Neuenkirch si trova a sud del nostro placido lago e in questo villaggio impariamo a conoscere il beato Niklaus Wolf. Nasce qui nel 1756 e fa la vita che è un po’ quella di tutti: lavora nei campi, si occupa degli animali e ha una famiglia numerosa. La sua rettitudine lo porta a diventare membro del Gran Consiglio del Canton Lucerna, ma il suo carisma è ben altro: diventerà guaritore di anime, organizzando gruppi di preghiera, e guaritore di corpi, grazie alle sue doti taumaturgiche.

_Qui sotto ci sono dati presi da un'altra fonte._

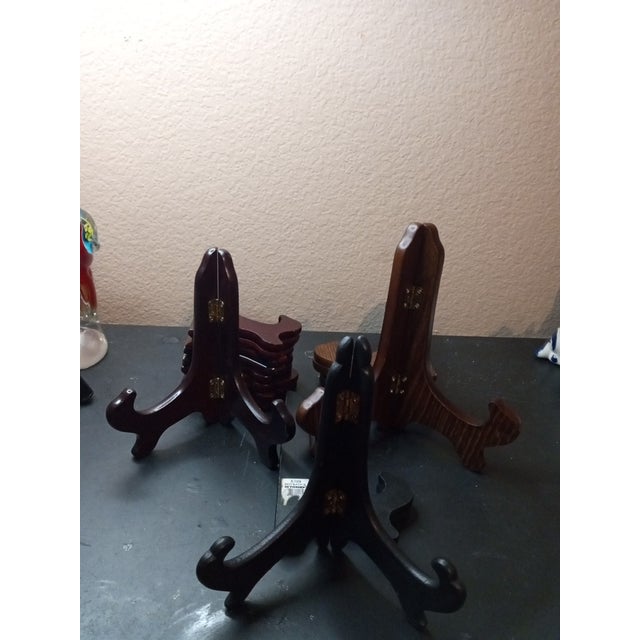 LOT of Wooden Easels Total 10 5 cherry wood easels 6" 3 dark wood easels 7" 2 black wood easels 6" Great for display:...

Abbiamo detto delle doti miracolose del beato Niklaus, ma in questi territori non era il solo. A Ruswil incontriamo la cappella dei santi Ulrico e Afra. Il primo, nato vicino a Zurigo, patrono delle gestanti e con la croce pastorale che guariva dal morso dei cani rabbiosi. La seconda di origini africane e senza particolari patrocini. Quello che però avvicina maggiormente il carisma del nostro beato sono i 14 santi Ausiliatori, invocati in caso di malattie, presenti anch’essi nella cappella di Ruswil.

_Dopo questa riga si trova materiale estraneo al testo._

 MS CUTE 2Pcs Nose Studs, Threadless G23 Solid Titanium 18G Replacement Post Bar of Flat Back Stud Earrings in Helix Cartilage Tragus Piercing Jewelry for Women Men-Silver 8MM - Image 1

Scorrazzando nella dolce campagna, eccoci al villaggio di Buttisholz, dove sta il santuario di sant’Ottila. L’occasione per informarci un po’ su questa santa. Visse nel Primo Medioevo, nacque cieca e ritrovò la vista con il battesimo. Ricevette dalla famiglia un castello che poi trasformò in monastero di cui divenne badessa. Trascorse la sua esistenza in Alsazia, terra della quale è ora anche patrona.

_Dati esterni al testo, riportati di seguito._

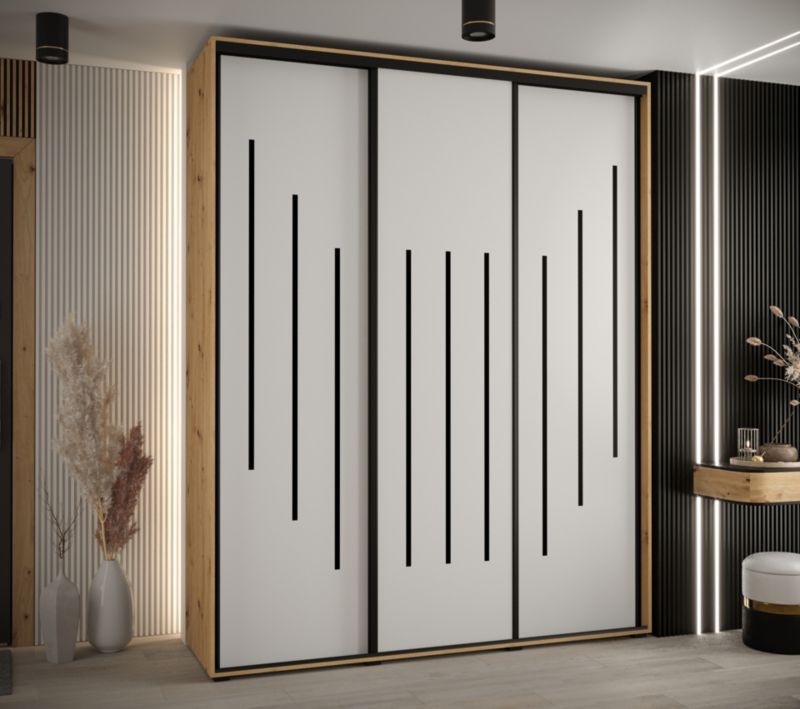 Szafa przesuwna Abiks DAVOS 8 wysoka szer.200cm gł.45cm artisan/biały/czarny 1szt.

Eccoci finalmente arrivati sul lato nord del nostro pacifico lago, nella storica cittadina di Sursee. In cima ad una collinetta troviamo il santuario di Mariazell, dove si possono ammirare tre altari su cui sono raffigurate, sull’esempio di Sacri Monti, scene plastico-teatrali della vita della Madonna.